▸ EXERCISE DETAILS
Look through the records below for the line with "NWT COACH Mini" and the line with "UPDATED LIT STUDY", then return those lines and all lines between, exactly.

▸ STUDY MATERIAL
Segment Open

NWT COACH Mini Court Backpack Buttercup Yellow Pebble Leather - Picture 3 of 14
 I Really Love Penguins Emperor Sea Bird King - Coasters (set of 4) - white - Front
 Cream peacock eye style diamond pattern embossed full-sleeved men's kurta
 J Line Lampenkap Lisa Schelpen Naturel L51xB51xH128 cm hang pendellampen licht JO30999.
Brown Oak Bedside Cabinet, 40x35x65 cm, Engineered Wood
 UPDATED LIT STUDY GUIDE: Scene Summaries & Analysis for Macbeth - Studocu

Segment Closed
Segment Open

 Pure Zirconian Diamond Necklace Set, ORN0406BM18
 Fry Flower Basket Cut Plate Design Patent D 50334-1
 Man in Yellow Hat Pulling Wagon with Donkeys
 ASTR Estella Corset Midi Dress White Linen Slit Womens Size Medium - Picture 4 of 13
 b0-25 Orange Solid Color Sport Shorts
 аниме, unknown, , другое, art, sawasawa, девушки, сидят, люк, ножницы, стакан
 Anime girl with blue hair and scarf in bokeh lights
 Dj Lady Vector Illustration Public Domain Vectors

Segment Closed
Segment Open

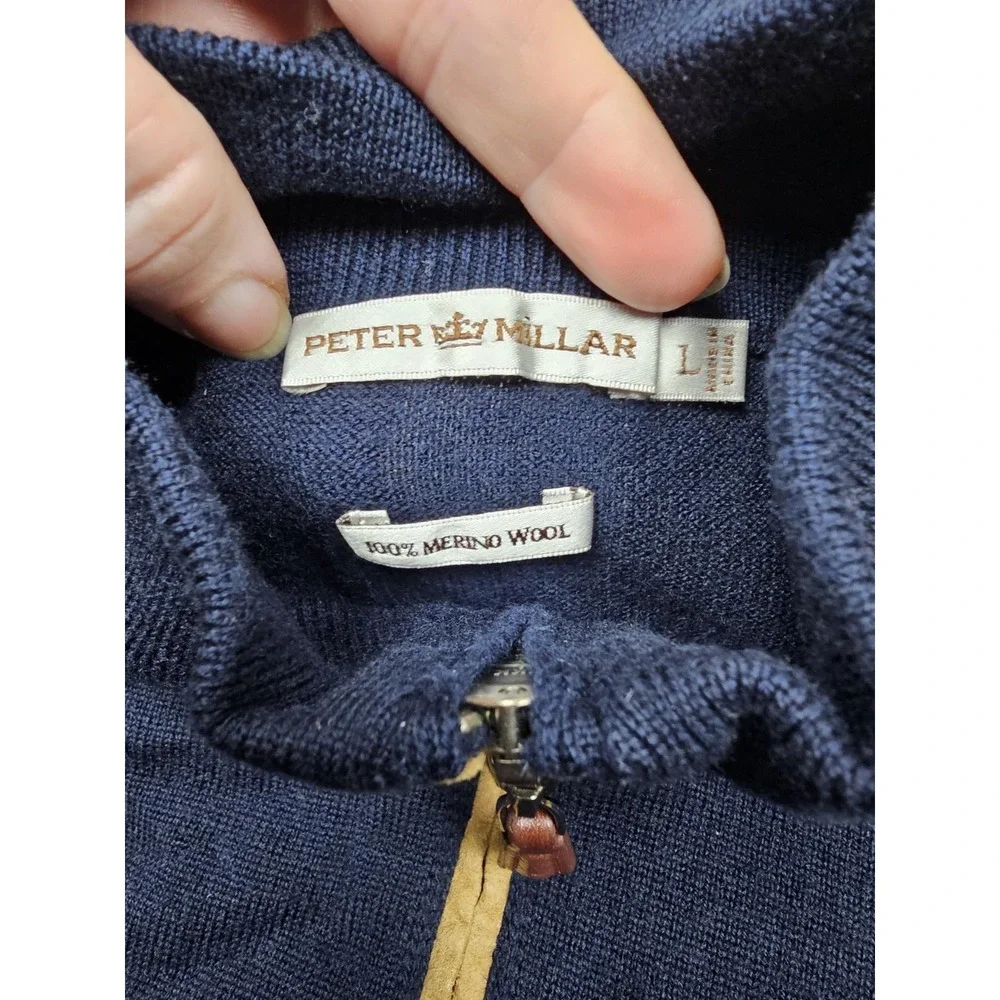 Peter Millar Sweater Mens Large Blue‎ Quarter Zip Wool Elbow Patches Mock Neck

Segment Closed

▸ ANSWER BOX
NWT COACH Mini Court Backpack Buttercup Yellow Pebble Leather - Picture 3 of 14
 I Really Love Penguins Emperor Sea Bird King - Coasters (set of 4) - white - Front
 Cream peacock eye style diamond pattern embossed full-sleeved men's kurta
 J Line Lampenkap Lisa Schelpen Naturel L51xB51xH128 cm hang pendellampen licht JO30999.
Brown Oak Bedside Cabinet, 40x35x65 cm, Engineered Wood
 UPDATED LIT STUDY GUIDE: Scene Summaries & Analysis for Macbeth - Studocu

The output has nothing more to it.